Saturday, April 18, 2026

How Precise and Personalised Treatment at Birla Fertility & IVF Helped 40-Year-Old Woman Conceive

When 40-year-old Seema* (* name changed for privacy) came to Birla Fertility & IVF, Jaipur, to consult Dr. Priyanka Yadav, Centre Head and Consultant, her concern was not unfamiliar – she had been trying to conceive again for several years without success. What made her case more complex was the long gap since her first childbirth, nearly 12 to 14 years earlier, and the subtle physical changes she had begun to notice over time. This was a case of secondary infertility, but one shaped strongly by age and ovarian biology.

Her investigations painted a difficult picture. The AMH was 0.1 ng/mL, placing her at the edge of ovarian reserve. FSH levels were significantly elevated at 22 IU/L, with LH at 19 IU/L – values that, in most datasets, are associated with extremely poor response to stimulation and very low pregnancy rates using self-eggs. Clinically, the expectation had to be guarded.

Instead of rushing into stimulation, the team focused on preparation. One to two months of hormone replacement therapy were used to stabilise the endometrium and support overall hormonal balance. Only then was a personalised stimulation protocol initiated, monitored closely in view of the high FSH and the likelihood of limited follicular recruitment.

The response was modest, but meaningful. Two oocytes were retrieved through tightly controlled stimulation. Given the narrow margin for error, intracytoplasmic sperm injection was chosen to maximise fertilisation potential. From these efforts, one viable embryo developed – a small outcome by numbers, but a significant one by context.

That single embryo was transferred. The pregnancy test that followed was positive. The pregnancy progressed without complication, and the patient eventually delivered a healthy baby girl.

In fertility care, success is often associated with scale – higher egg numbers, multiple embryos, repeated attempts. This case stands apart because it worked in the opposite direction. With near ovarian failure, there was little room for repetition. Every decision, from hormonal priming to stimulation intensity and laboratory handling, had to be precise.

Explaining the case, Dr. Priyanka Yadav, Centre Head and Consultant at Birla Fertility &a IVF, Jaipur, said, “In women with extremely low AMH and significantly elevated FSH levels, the challenge is not just the number of eggs, but the unpredictability of ovarian response.
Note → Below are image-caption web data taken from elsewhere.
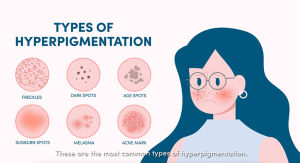 NeoStrata Enlighten Dark Spot Corrector 20g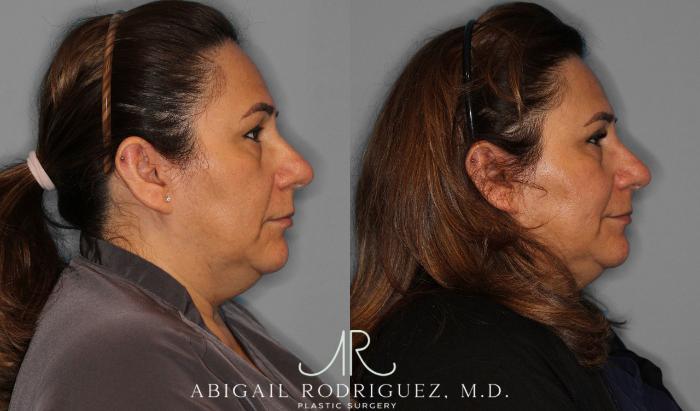 Before & After Upper Eyelid Lift Case 258452 View 6 View in Houston, TX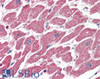 45-426 (4ug/ml) staining of paraffin embedded Human Kidney. Steamed antigen retrieval with citrate buffer pH 6, AP-staining.<strong>This data is from a previous batch, not on sale.</strong>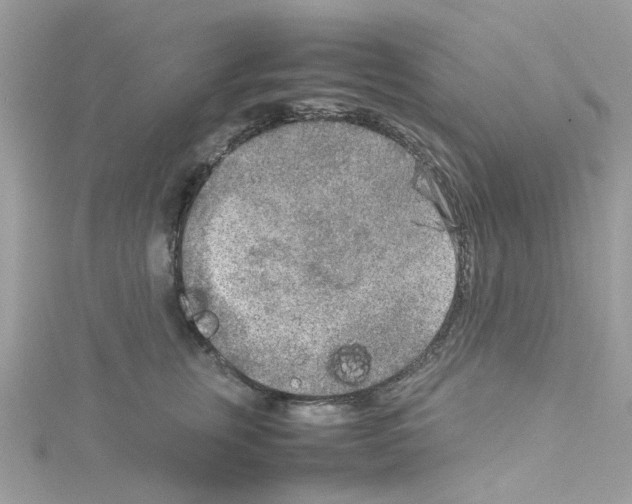 X0000114110759200911161118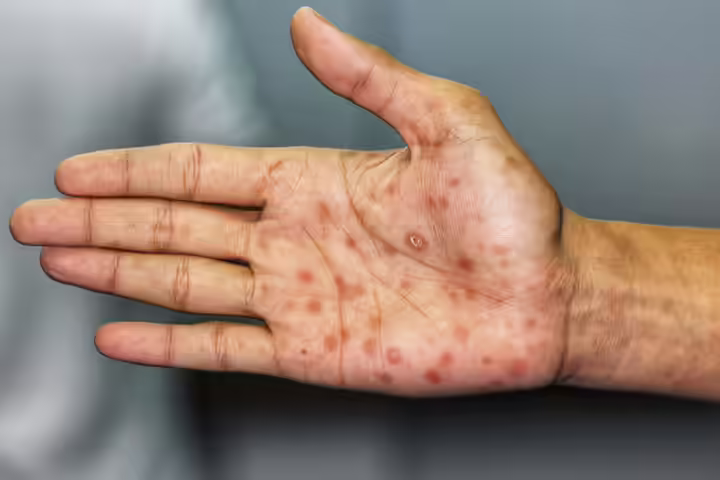The Stages Of Syphilis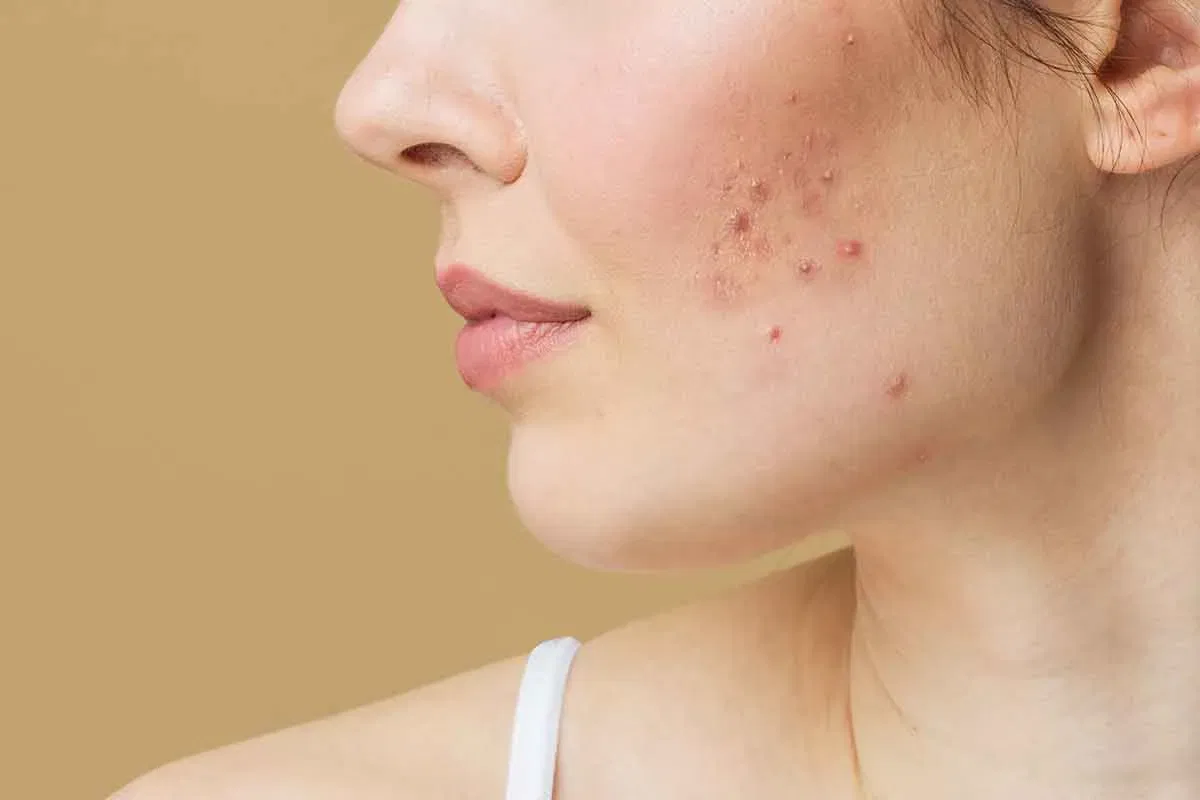 Bid Farewell to Textured Skin: All About the Best Acne Scar Treatment in Lake Town Kolkata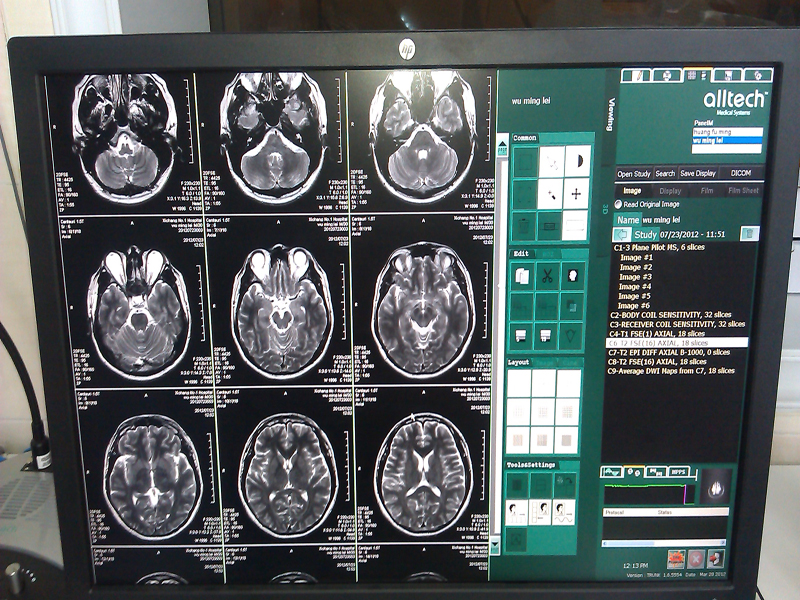 我院最新引进奥泰核磁共振成像系统(mri)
Standard stimulation protocols do not always work in such cases, and aggressive approaches can sometimes do more harm than good. Our
focus was to first optimise the patient’s hormonal environment, then plan a carefully calibrated stimulation that respected her ovarian physiology. When reserve is this limited, every step has to be deliberate – from timing and dosage to laboratory handling – because even a single viable embryo can make a meaningful difference.”

It also serves as an important reminder in cases of secondary infertility: previous childbirth does not protect against age-related ovarian decline. Biology changes quietly over time, and treatment must adapt to where the body is now, not where it once was.

Sometimes, outcomes are shaped not by abundance, but by how carefully what remains is understood and supported.